"A most common strategy used in mobile games or any game that uses microtransactions is to make it more complicated currency," an anonymous employee who works within the mobile game industry recently told me. "Like in the event that I buy $1, I'd get two currencies (gold and jewels, for instance). This can help to conceal the amount of D2R Items cash actually spent since there's not a single conversion. Also, we deliberately put worse deals [beside] other deals to make other deals appear more lucrative and let players feel that they're smarter when they save out and taking advantage of the other deals."

"In the organization I was working for, we had weekly events featuring unique prizes and were created to allow you to [...] win it using rare in-game currency, which would let you get one of the major prizes.

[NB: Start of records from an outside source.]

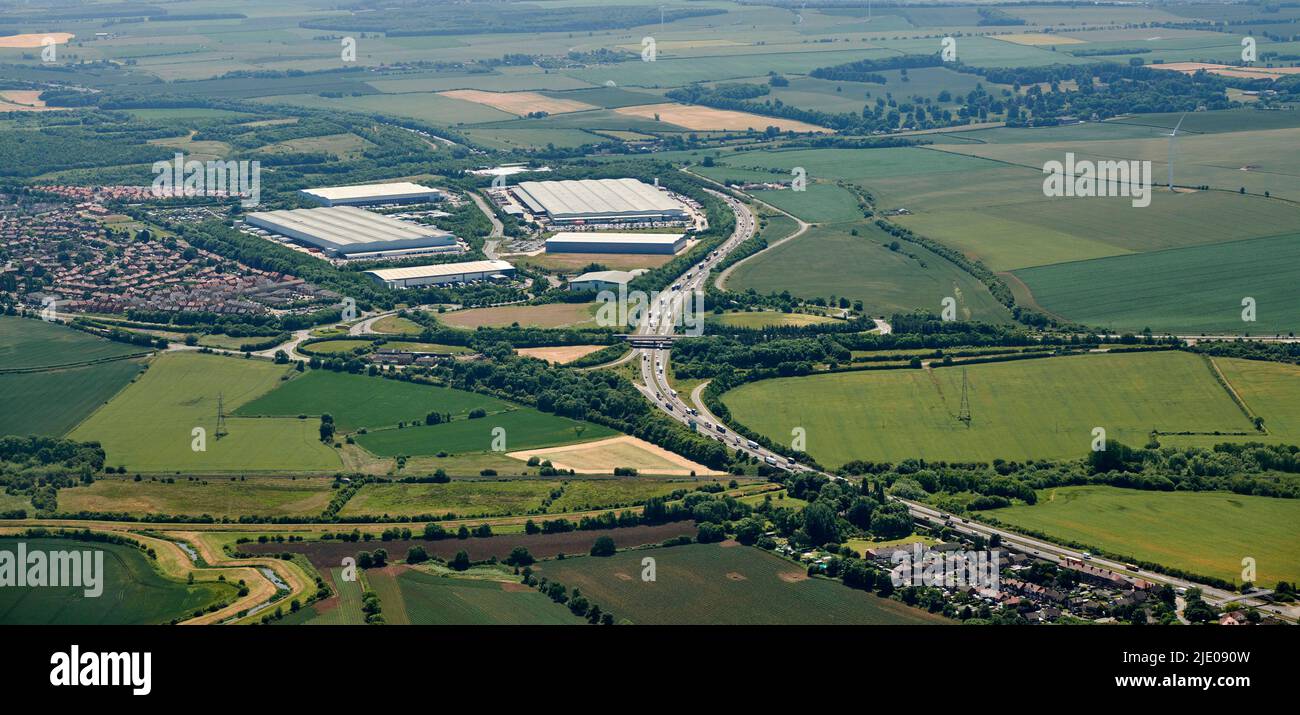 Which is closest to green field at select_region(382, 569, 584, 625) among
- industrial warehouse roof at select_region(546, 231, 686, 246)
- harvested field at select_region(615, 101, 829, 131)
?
industrial warehouse roof at select_region(546, 231, 686, 246)

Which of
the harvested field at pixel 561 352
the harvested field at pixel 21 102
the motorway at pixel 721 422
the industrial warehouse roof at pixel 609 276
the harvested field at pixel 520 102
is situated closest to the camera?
the motorway at pixel 721 422

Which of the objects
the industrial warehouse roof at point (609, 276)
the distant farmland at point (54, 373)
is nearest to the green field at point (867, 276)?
the industrial warehouse roof at point (609, 276)

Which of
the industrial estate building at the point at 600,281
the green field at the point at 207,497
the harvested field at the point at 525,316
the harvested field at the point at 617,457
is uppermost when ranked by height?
the industrial estate building at the point at 600,281

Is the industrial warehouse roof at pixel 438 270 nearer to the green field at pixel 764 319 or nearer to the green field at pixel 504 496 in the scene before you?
the green field at pixel 764 319

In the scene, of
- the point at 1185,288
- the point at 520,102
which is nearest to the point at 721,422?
the point at 1185,288

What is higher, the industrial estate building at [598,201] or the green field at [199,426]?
the industrial estate building at [598,201]

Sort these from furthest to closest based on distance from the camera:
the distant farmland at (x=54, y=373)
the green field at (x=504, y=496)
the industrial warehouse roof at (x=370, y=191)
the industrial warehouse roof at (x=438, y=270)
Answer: the industrial warehouse roof at (x=370, y=191)
the industrial warehouse roof at (x=438, y=270)
the distant farmland at (x=54, y=373)
the green field at (x=504, y=496)

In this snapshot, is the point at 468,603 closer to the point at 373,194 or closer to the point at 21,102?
the point at 373,194

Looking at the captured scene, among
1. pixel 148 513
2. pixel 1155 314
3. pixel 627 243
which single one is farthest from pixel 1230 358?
pixel 148 513

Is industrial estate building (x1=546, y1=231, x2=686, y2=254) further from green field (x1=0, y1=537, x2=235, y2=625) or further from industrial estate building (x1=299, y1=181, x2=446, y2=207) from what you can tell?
green field (x1=0, y1=537, x2=235, y2=625) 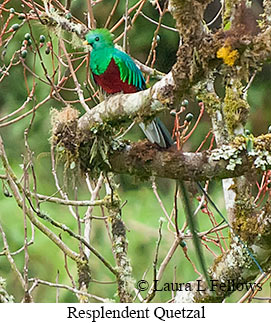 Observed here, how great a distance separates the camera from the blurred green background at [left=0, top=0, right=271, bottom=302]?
4.32 meters

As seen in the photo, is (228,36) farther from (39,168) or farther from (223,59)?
(39,168)

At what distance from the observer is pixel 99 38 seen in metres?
3.12

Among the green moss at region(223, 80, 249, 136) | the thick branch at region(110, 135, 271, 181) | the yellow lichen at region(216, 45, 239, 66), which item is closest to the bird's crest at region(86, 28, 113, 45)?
the green moss at region(223, 80, 249, 136)

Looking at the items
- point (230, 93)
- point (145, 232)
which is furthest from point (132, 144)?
point (145, 232)

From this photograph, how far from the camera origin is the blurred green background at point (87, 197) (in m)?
4.32

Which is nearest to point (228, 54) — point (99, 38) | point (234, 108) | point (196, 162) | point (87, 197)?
point (196, 162)

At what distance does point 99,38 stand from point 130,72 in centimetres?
21

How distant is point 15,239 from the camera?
430 cm

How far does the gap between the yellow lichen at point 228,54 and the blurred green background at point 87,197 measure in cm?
211

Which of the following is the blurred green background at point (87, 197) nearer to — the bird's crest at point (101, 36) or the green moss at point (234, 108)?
the bird's crest at point (101, 36)

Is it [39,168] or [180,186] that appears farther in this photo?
[39,168]

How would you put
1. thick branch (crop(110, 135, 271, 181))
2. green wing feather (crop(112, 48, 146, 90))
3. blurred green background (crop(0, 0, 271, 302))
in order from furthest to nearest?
1. blurred green background (crop(0, 0, 271, 302))
2. green wing feather (crop(112, 48, 146, 90))
3. thick branch (crop(110, 135, 271, 181))

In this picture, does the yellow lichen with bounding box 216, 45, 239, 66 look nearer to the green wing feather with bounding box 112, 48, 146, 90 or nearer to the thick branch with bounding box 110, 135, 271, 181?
the thick branch with bounding box 110, 135, 271, 181

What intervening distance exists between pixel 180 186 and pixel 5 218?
6.69ft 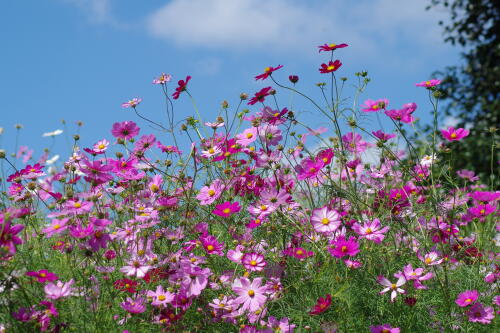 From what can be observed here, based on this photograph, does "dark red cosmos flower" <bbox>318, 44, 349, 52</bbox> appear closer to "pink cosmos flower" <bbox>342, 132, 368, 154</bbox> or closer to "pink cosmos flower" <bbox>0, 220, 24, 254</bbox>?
"pink cosmos flower" <bbox>342, 132, 368, 154</bbox>

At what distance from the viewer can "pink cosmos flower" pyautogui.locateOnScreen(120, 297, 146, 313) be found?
5.72 ft

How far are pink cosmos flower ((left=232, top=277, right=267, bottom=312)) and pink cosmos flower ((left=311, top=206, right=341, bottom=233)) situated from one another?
0.27 metres

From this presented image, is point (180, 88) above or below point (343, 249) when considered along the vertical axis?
above

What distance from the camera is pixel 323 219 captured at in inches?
75.2

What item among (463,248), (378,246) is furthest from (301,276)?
(463,248)

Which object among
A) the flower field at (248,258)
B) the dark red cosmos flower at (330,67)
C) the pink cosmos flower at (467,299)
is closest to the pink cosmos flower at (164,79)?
the flower field at (248,258)

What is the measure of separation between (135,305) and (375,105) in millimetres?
1132

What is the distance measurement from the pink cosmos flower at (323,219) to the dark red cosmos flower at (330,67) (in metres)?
0.50

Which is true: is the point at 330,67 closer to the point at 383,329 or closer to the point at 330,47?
the point at 330,47

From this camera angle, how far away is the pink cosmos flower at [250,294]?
1731mm

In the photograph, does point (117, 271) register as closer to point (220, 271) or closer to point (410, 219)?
point (220, 271)

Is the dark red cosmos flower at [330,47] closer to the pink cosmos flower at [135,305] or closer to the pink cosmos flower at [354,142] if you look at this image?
the pink cosmos flower at [354,142]

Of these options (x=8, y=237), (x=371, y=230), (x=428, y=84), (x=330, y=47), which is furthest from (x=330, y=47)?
(x=8, y=237)

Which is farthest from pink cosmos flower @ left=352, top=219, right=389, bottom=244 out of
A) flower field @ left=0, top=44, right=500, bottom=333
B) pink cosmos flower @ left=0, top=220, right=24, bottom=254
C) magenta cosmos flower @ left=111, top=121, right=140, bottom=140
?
pink cosmos flower @ left=0, top=220, right=24, bottom=254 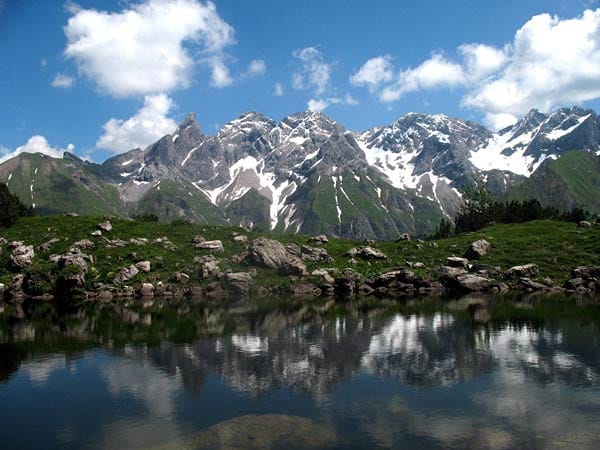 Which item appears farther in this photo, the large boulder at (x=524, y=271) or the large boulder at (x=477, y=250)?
the large boulder at (x=477, y=250)

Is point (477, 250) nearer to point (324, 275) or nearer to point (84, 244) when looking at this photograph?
point (324, 275)

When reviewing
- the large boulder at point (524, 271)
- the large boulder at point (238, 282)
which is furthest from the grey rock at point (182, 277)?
the large boulder at point (524, 271)

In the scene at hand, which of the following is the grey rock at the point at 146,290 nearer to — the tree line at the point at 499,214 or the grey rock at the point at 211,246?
the grey rock at the point at 211,246

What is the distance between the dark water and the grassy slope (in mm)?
36565

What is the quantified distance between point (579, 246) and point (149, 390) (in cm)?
9971

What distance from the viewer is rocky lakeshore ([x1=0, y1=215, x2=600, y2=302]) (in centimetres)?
9344

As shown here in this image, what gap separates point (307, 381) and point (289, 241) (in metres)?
91.4

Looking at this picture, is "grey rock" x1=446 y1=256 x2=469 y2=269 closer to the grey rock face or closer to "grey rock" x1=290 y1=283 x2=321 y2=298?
"grey rock" x1=290 y1=283 x2=321 y2=298

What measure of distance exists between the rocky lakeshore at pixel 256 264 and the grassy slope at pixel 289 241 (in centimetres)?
23

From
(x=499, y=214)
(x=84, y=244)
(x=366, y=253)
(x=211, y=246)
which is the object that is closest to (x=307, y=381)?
(x=366, y=253)

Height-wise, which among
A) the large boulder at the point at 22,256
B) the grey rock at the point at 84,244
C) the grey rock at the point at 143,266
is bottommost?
the grey rock at the point at 143,266

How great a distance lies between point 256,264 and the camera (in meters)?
108

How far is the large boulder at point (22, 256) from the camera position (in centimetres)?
9856

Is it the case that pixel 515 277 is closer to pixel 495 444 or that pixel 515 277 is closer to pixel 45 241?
pixel 495 444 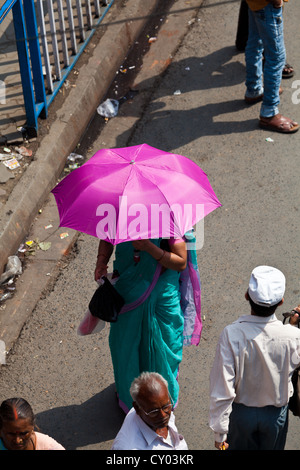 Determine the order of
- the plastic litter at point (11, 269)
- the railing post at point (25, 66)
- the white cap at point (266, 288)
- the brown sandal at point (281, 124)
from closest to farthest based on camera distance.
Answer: the white cap at point (266, 288), the plastic litter at point (11, 269), the railing post at point (25, 66), the brown sandal at point (281, 124)

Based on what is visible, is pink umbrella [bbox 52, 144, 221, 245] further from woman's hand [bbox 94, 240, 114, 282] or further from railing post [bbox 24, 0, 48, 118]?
railing post [bbox 24, 0, 48, 118]

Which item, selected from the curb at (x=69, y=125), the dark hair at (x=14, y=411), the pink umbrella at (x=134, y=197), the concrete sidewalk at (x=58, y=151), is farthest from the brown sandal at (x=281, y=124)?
the dark hair at (x=14, y=411)

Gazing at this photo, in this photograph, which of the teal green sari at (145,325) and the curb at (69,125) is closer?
the teal green sari at (145,325)

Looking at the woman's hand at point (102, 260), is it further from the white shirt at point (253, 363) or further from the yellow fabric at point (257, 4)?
the yellow fabric at point (257, 4)

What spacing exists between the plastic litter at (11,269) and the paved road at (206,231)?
12.2 inches

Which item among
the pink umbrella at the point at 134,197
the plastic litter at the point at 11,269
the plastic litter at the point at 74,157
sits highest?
the pink umbrella at the point at 134,197

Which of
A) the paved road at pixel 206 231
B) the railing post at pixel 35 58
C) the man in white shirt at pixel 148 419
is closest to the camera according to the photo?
the man in white shirt at pixel 148 419

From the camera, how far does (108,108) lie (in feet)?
23.8

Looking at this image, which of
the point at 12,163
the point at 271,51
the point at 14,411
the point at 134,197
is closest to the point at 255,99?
the point at 271,51

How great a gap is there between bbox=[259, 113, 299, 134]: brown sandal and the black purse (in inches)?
122

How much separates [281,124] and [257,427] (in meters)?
3.58

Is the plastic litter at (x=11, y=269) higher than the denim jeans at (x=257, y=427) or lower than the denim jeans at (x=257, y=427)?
lower

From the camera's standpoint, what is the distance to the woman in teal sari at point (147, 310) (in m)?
4.21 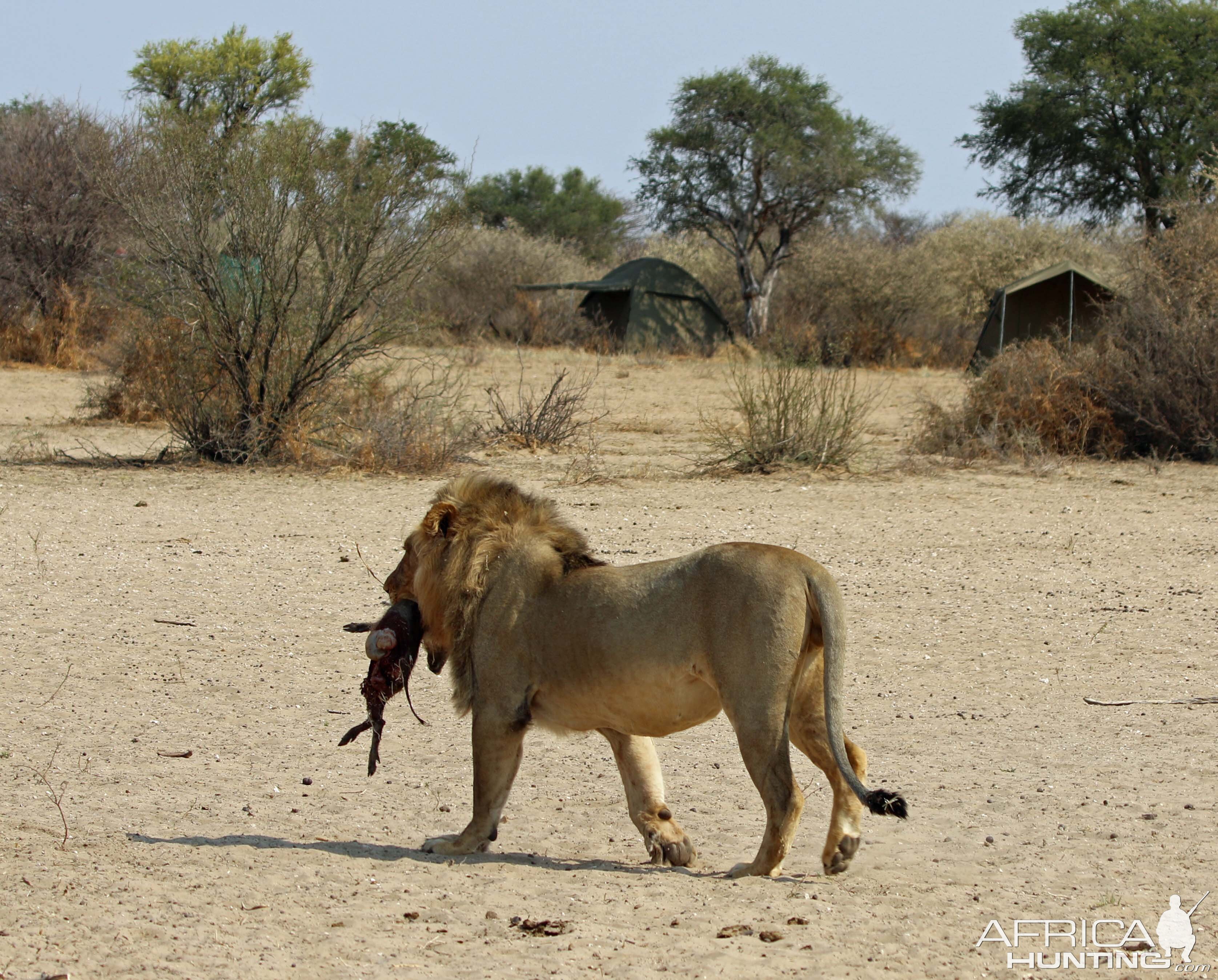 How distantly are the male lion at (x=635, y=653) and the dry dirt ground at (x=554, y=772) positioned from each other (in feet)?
0.90

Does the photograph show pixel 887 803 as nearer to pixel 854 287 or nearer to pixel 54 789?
pixel 54 789

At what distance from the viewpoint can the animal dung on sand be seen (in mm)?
5066

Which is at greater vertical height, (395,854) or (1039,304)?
(1039,304)

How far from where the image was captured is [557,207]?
205ft

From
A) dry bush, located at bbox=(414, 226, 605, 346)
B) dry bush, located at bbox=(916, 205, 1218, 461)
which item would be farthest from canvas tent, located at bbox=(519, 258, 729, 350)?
dry bush, located at bbox=(916, 205, 1218, 461)

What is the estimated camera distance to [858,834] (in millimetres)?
4613

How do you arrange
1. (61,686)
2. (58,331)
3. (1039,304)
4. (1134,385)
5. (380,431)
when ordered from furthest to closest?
1. (1039,304)
2. (58,331)
3. (1134,385)
4. (380,431)
5. (61,686)

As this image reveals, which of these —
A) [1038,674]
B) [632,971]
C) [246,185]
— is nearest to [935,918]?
[632,971]

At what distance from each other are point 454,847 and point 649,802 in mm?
705

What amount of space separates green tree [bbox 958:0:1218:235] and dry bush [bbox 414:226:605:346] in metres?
13.4

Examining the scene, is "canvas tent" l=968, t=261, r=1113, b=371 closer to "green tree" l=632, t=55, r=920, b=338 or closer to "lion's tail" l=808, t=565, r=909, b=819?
"green tree" l=632, t=55, r=920, b=338

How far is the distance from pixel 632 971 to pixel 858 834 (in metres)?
1.26

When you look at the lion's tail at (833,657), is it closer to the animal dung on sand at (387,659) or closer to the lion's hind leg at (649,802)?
the lion's hind leg at (649,802)

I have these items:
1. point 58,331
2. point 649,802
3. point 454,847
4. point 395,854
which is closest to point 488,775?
point 454,847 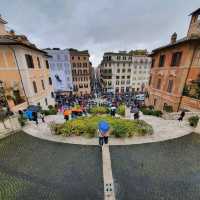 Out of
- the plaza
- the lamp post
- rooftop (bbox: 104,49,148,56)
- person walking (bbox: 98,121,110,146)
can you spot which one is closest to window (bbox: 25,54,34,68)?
the lamp post

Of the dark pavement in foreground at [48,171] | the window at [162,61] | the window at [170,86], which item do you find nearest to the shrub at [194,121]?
the window at [170,86]

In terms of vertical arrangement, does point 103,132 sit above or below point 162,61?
below

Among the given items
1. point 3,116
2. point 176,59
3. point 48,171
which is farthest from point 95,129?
point 176,59

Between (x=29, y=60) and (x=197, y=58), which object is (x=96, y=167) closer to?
(x=197, y=58)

But the designers also had add additional milestone prizes following the main prize, which would typically require real money to make progress in the event. Many of our milestones and metrics to measure the success of an event is, of course, how much individuals spent. We also evaluated sentiment but I think the higher-ups have always been more interested in whether the event got folks to spend."

Real-money transactions aren't novel by any stretch of the imagination. Diablo 2 Resurrected didn't pioneer them and it's disingenuous to present that as the case. Blizzard's action RPG isn't the root reason, but rather it's the most terrible amalgamation of free-to-play mobile and PC games. It comes with two distinct Battle Passes, each with specific rewards that are unique to a particular character (and not included in your general roster) and too many different currencies for the average player to keep track of Diablo 2 Resurrected's financial system reads like a giant mobile market.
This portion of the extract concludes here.